[Scraped caption text data]
=== Begin Enclosure ===
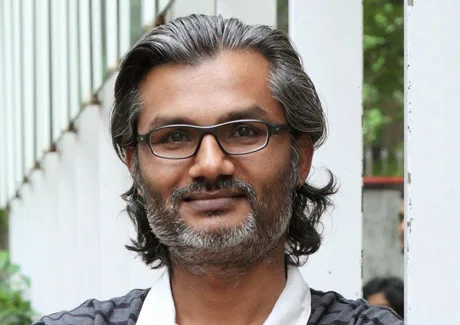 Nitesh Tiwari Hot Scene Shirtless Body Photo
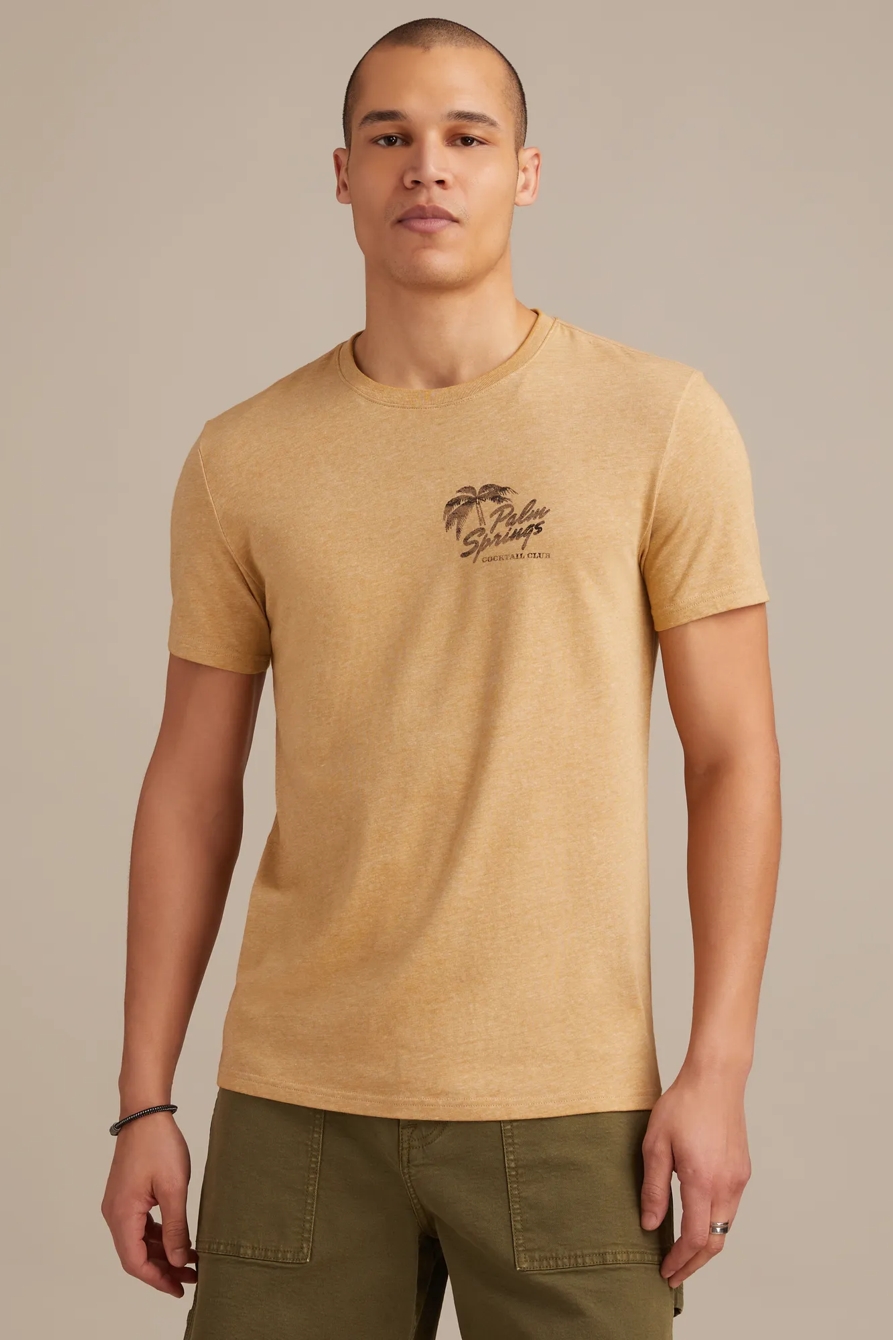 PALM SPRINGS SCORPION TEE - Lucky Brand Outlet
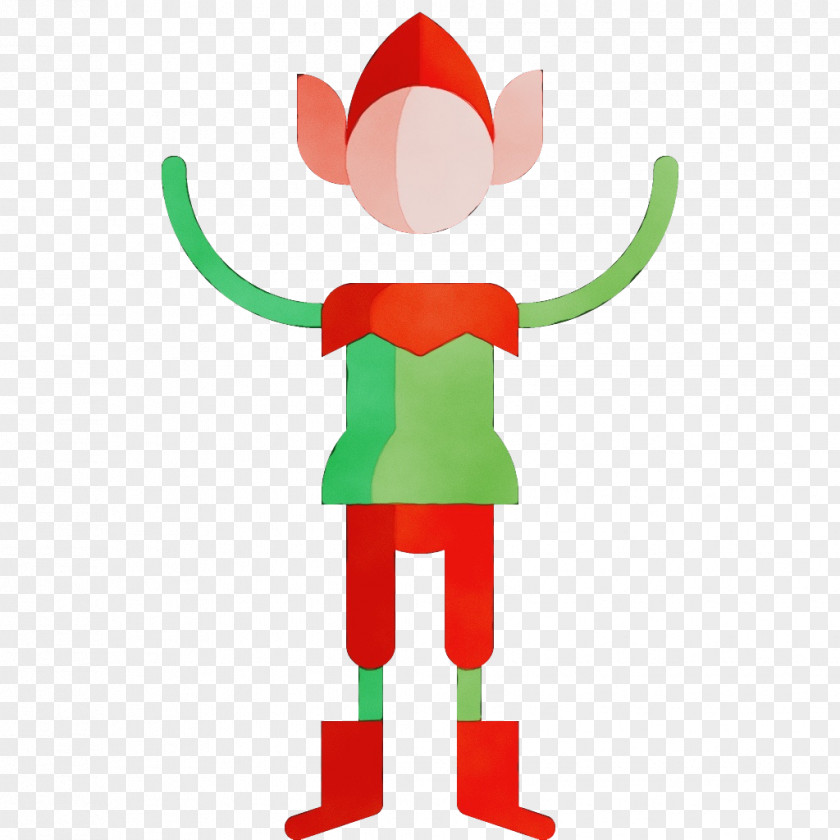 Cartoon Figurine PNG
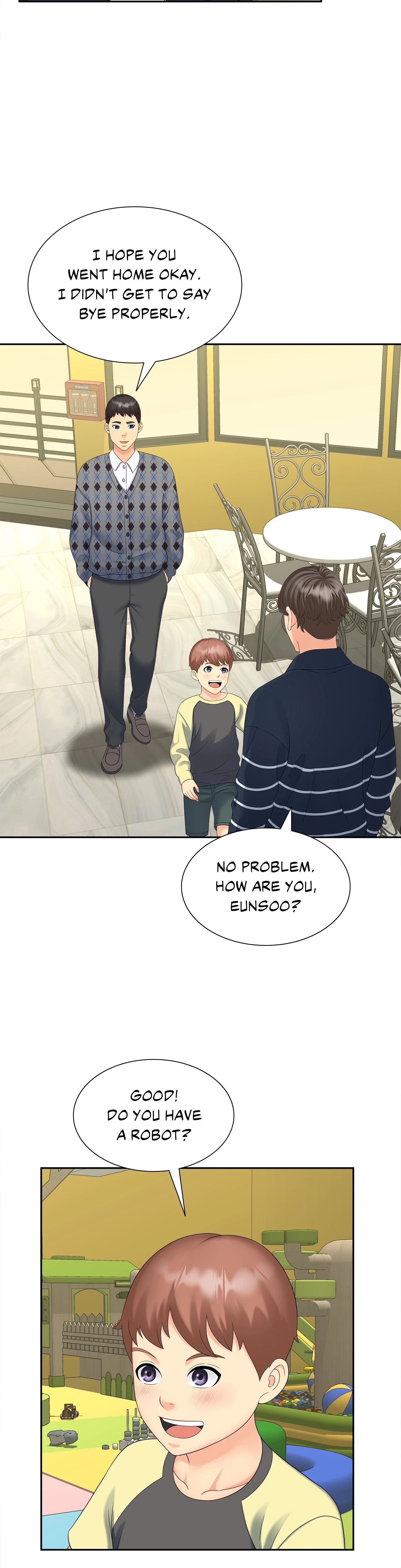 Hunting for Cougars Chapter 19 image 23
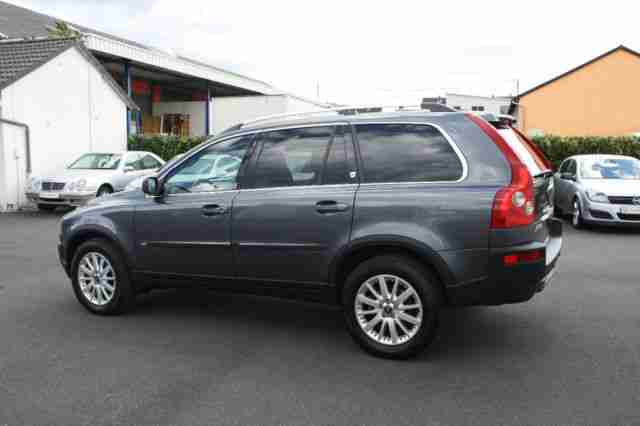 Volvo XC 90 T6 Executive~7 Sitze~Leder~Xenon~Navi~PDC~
=== End Enclosure ===
§ **WORK TO COMPLETE**:
Retype, exactly as written, each line from the one containing "Cartoon Figurine PNG" through the end of the data above, and leave out every picture.

§ **EXERCISE SOLUTION**:
 Cartoon Figurine PNG
 Hunting for Cougars Chapter 19 image 23
 Volvo XC 90 T6 Executive~7 Sitze~Leder~Xenon~Navi~PDC~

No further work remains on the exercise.